TASK OBJECTIVE:
Output, word for word, the line that contains "Ołówki prl vintage" and all lines following it to the end of the listing. Drop the pictures.
### EXERCISE INPUTS ###
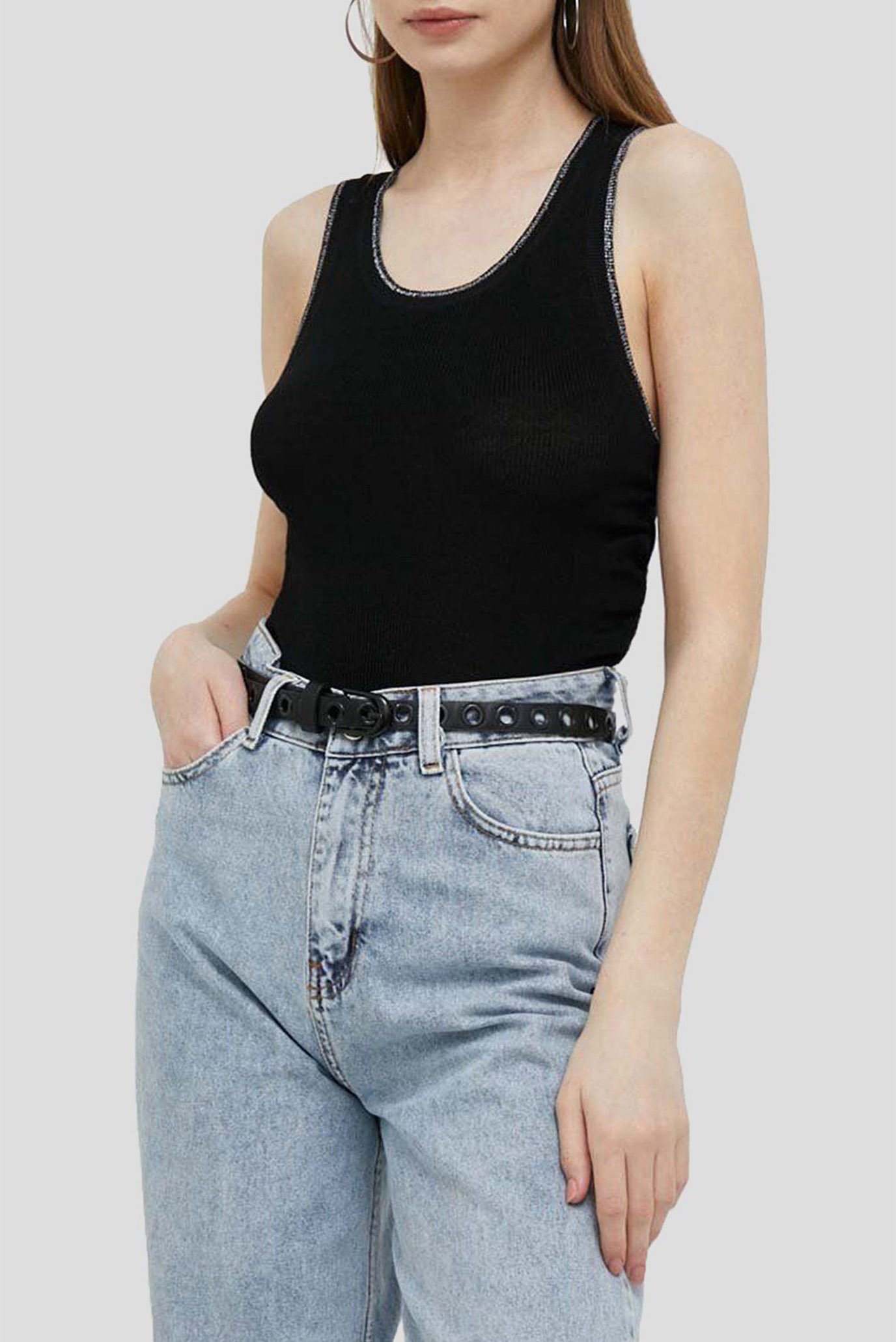 Женский черный топ Черный S DKNY P3DSAJ16 Женский черный топ Черный S DKNY P3DSAJ16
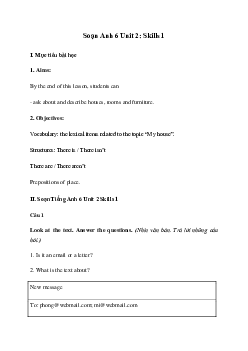 Giải Tiếng Anh 6 Unit 2: Skills 1 | Global Success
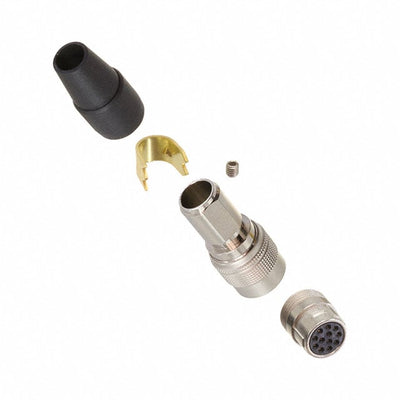 SD-PNN12-FFLAL-SX0-000 by Adam Tech - CONNECTOR RECPT FMALE 12P SOLDER CUP
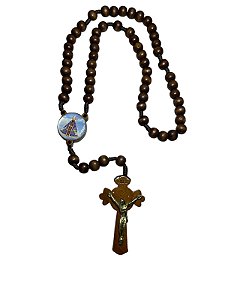 TERÇO MADEIRA NS APARECIDA GRD 10MM  - PC 12 UNI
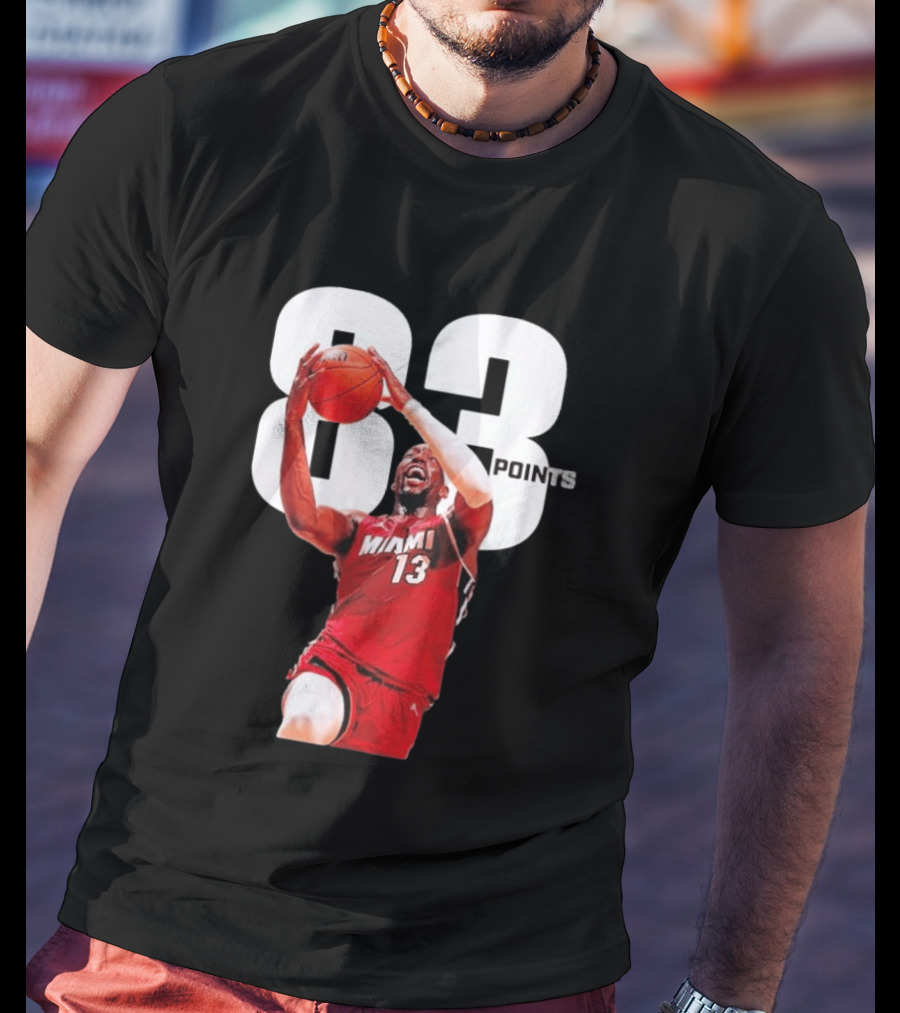 Bam Adebayo Miami 13 Scores 83 Points Passing Kobe Bryant's Single Game Record T-Shirt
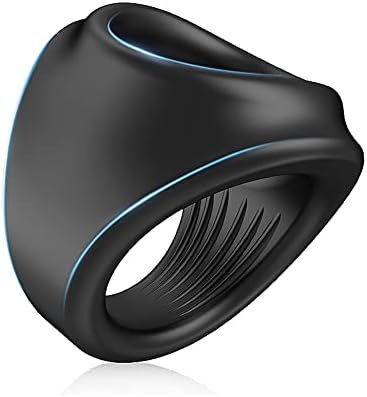 Silicone Penis Rings For Erection Enhancing, 3 In 1 Ultra Soft Stretchy Cock Ring, Long Lasting Stronger Strechy Adult Sex Toys For Men Or Couple
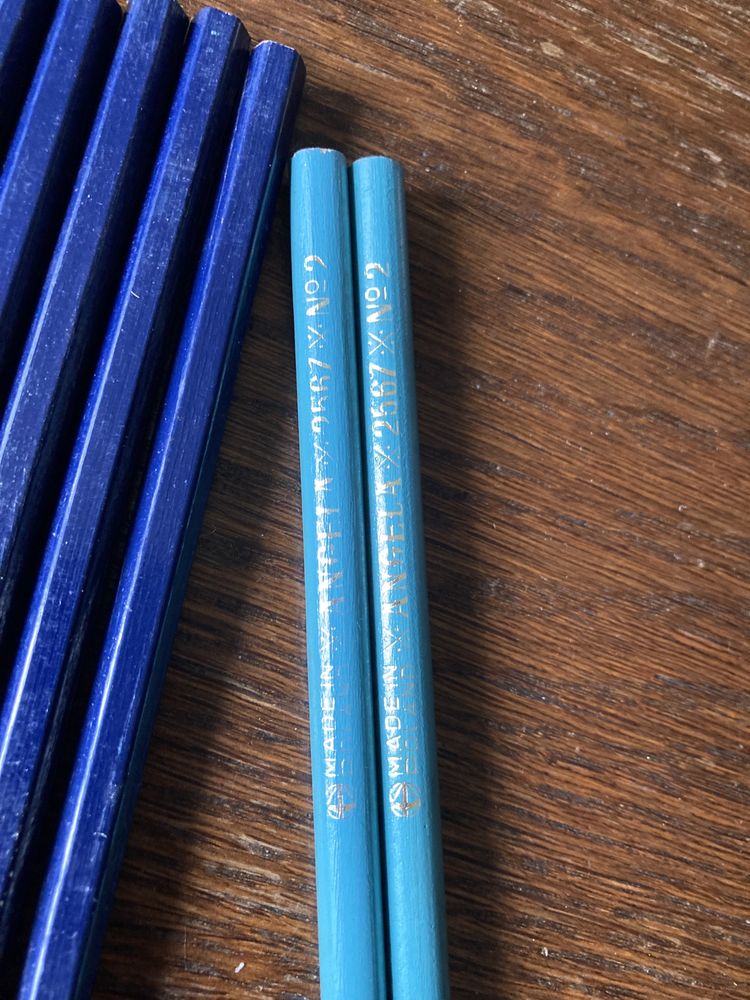 Ołówki prl vintage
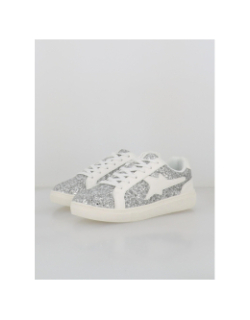 Baskets brillantes onlaurore argenté et blanc femme - Only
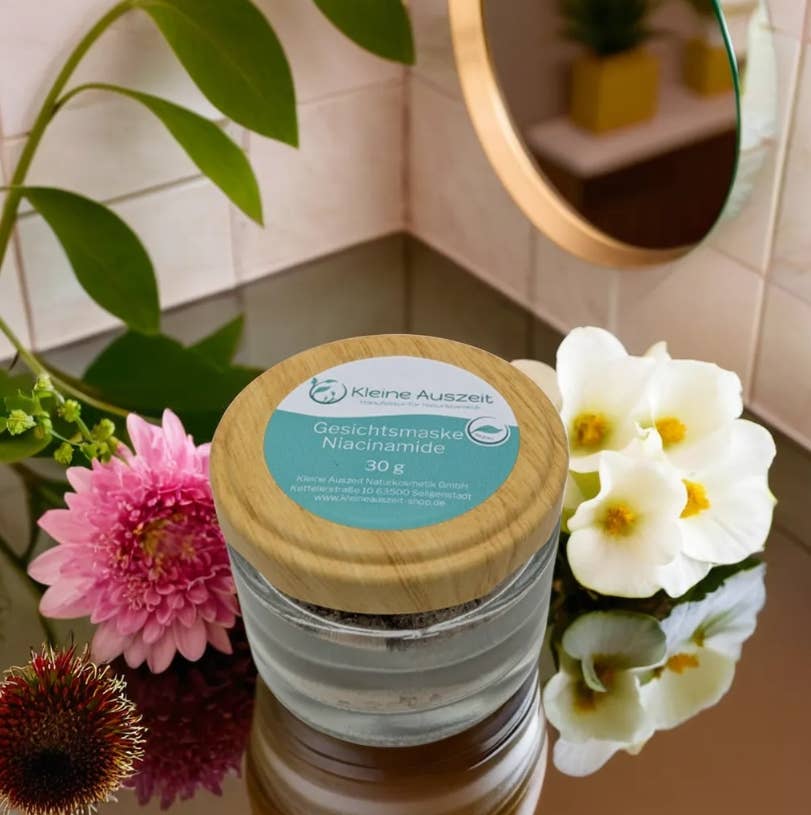 Kleine Auszeit Manufaktur - Vente Masque pour le visage - Masque facial Niacinamide - affine les pores0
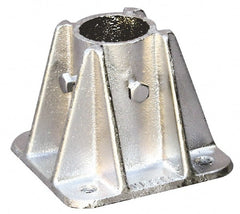 Vestil - Rail Mount Kits & Parts Type: Single Socket Floor Mount Mounting Plate Width (Inch): 5 - USA Tool & Supply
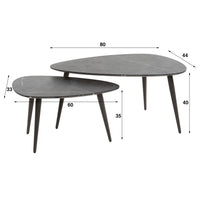 ARCHITECTURE Industrial coffee table 100cm oiled oak black frame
###
REPLY TO THE TASK:
 Ołówki prl vintage
 Baskets brillantes onlaurore argenté et blanc femme - Only
 Kleine Auszeit Manufaktur - Vente Masque pour le visage - Masque facial Niacinamide - affine les pores0
 Vestil - Rail Mount Kits & Parts Type: Single Socket Floor Mount Mounting Plate Width (Inch): 5 - USA Tool & Supply
 ARCHITECTURE Industrial coffee table 100cm oiled oak black frame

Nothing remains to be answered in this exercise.